[Start of Attachment]

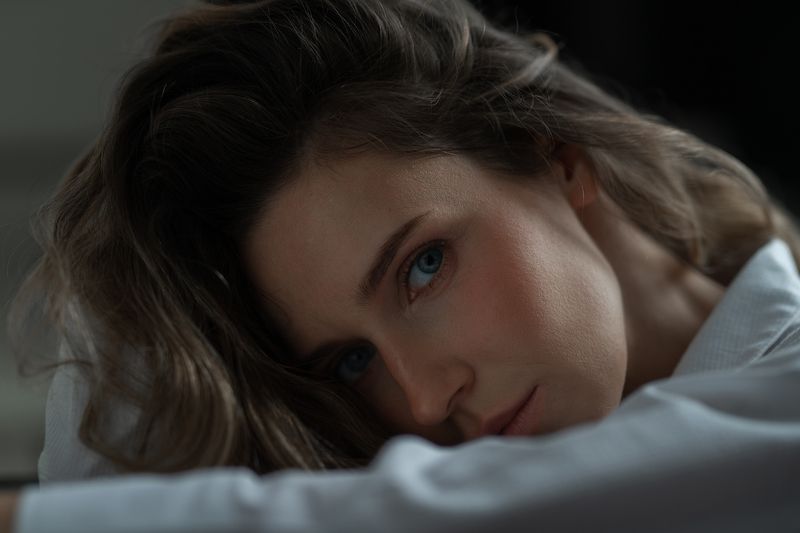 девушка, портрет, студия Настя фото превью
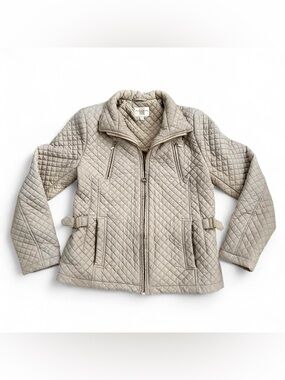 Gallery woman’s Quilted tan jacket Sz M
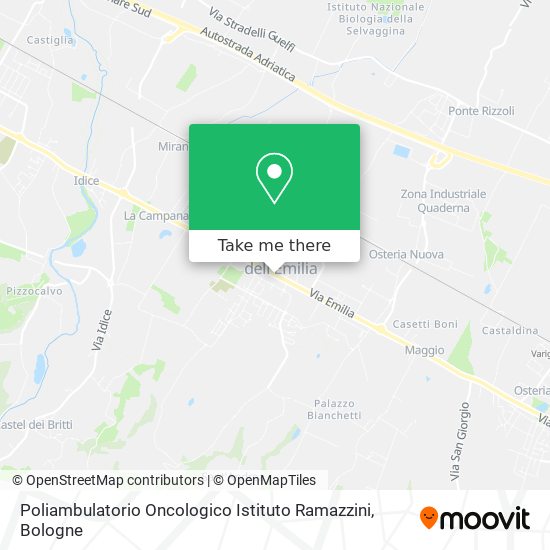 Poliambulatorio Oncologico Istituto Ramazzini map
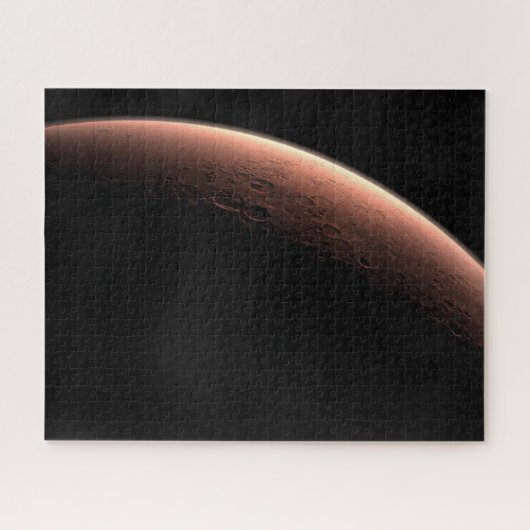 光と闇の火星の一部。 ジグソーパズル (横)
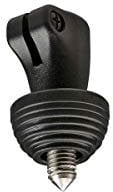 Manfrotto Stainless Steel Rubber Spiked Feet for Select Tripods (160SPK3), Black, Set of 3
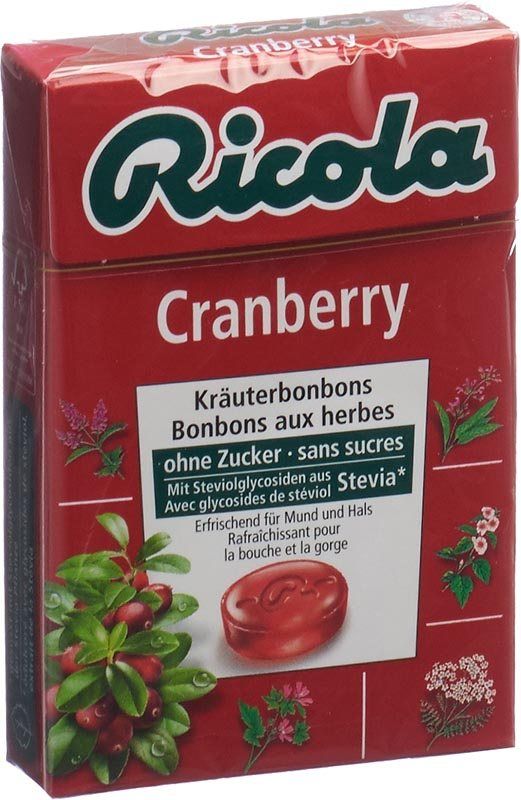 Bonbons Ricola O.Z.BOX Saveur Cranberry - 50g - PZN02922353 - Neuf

[End of Attachment]

§ Aim of the exercise:
A word-for-word transcription of the entries above, free of images, is what is wanted.

§ Result:
 девушка, портрет, студия Настя фото превью
 Gallery woman’s Quilted tan jacket Sz M
 Poliambulatorio Oncologico Istituto Ramazzini map
 光と闇の火星の一部。 ジグソーパズル (横)
 Manfrotto Stainless Steel Rubber Spiked Feet for Select Tripods (160SPK3), Black, Set of 3
 Bonbons Ricola O.Z.BOX Saveur Cranberry - 50g - PZN02922353 - Neuf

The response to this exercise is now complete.